|The best book about hope, love, dreams and life.|
Yellow, a caterpillar found it hard to believe that there was a butterfly inside the gray, fuzzy caterpillar so she asked,
“How does one become a butterfly?”
“You must want to fly so much that you are willing to give up being a caterpillar.”
“You mean, to die?”
“Yes and no. What looks like you, will die, but what’s really you, will still live. Life is changed, not taken away.”
- Hope for the Flowers by Trina Paulus
Nowadays, life hasn't been kind to me. It's a black hole spiraling down to depression and manic behavior. I have no public interest to wash my dirty laundries out in the public especially some people are out to get me. I'm not paranoid, I'm just exaggerating for for dramatic purposes haha. But seriously, I'm perfectly aware how I am measured by cruel people and get pleasure to see me fail. I am not naive but I am not a slave to public perception either.
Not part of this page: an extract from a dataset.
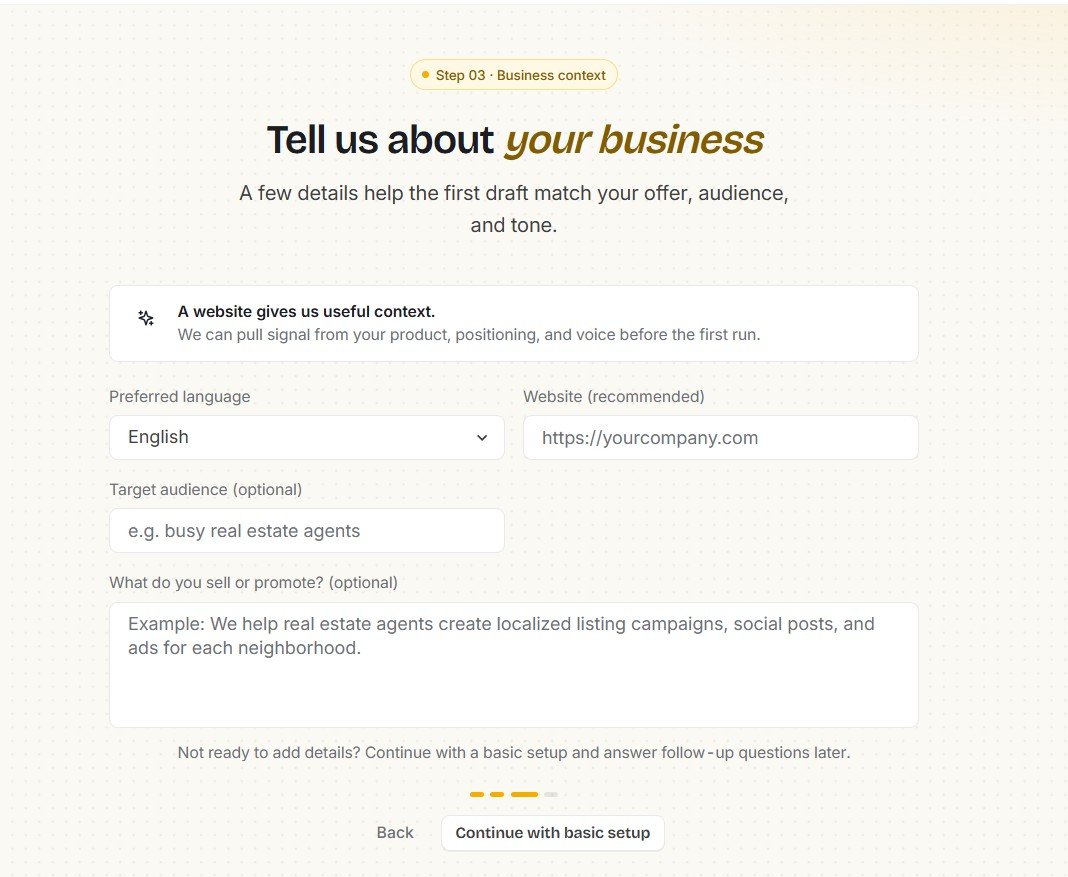 Simplified business context setup with website, language, target audience and business description fields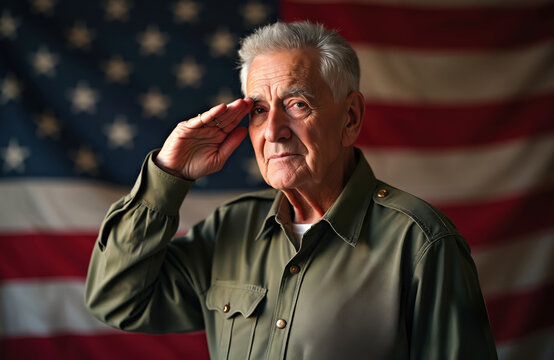 Elderly military veteran in uniform salutes, hand on heart. Senior stands before American flag, shows respect and gratitude. Patriotic theme, celebration, Memorial Day, Independence Day, veterans day.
I just want to exhale. Or better yet... explode.
I am desperately seeking sanctuary and I know I have to face this on my own. I have to face my own demons and defeat them.
Yes I am incoherent and cryptic.
I don't know if this is my cursed book or a great blessing. Hope for the Flowers is my ultimate favorite book. It's an allegory of life for me and how I see life... or so I thought. Ironically, I never had a copy of this book because I ended up giving my copy to an ex of mine. May be sending out this book cursed my relationships? Haha, damn, I don't know.
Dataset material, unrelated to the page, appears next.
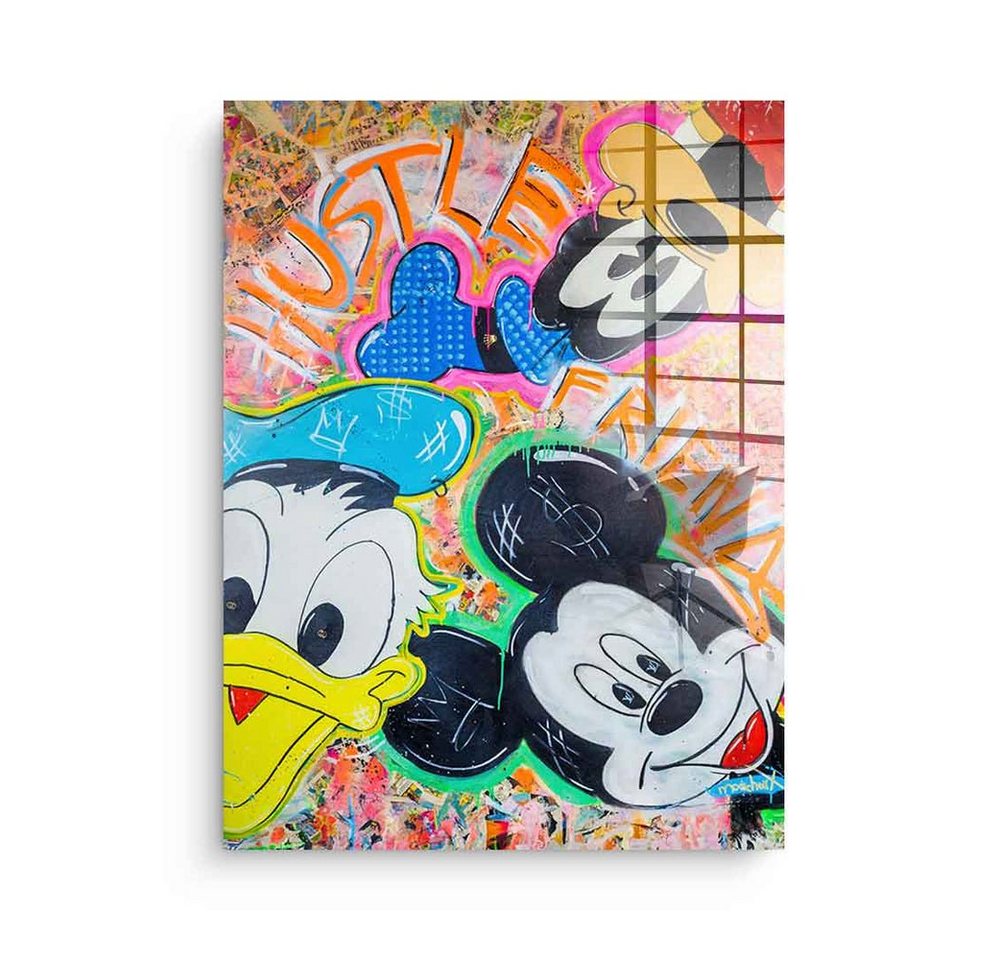 DOTCOMCANVAS® Acrylglasbild Hustle Friends - Acrylglas, Acrylglasbild Micky Maus Donald Duck Goofy Comic Hustle Friends von DOTCOMCANVAS®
I always send this book with love, hope and well wishes that I'm not losing hope in love and I have fate that there will be a better time for everyone. Now I'm skeptic in my own beliefs, I always wish this but I never kept my words. I killed all the love I have for all my past... May be out of spite. May be out of survival. But I want to say I'm sorry that I didn't turn out to be their YELLOWs.
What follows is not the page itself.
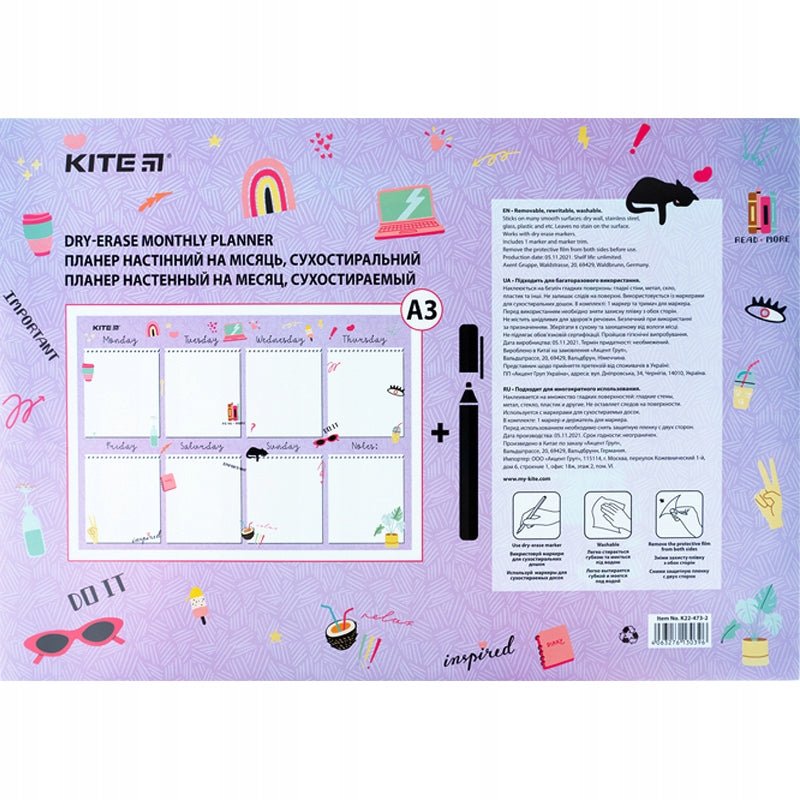Planer tygodniowy dla dzieci z miejscem na notatki, tablica organizacyjna Kite K22-473-2 Purple mood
I wish I could but I've never felt better that I've moved on from my past.
Or may be I've changed? May be I 'wanted to fly so much that I already gave up being a caterpillar'...? I don't know. But it awfully feels so lonely lingering around and not knowing what to do and where to go. I'm so tired of guiding the wrong "Stripes" one caterpillar to another. I just feel so heartbroken having to give so much and still lingering around.
The book sends a good message of hope. But how long can I still hold on to? Yes, there will always be hope for the flowers... But butterflies don't live forever either... butterflies dies too.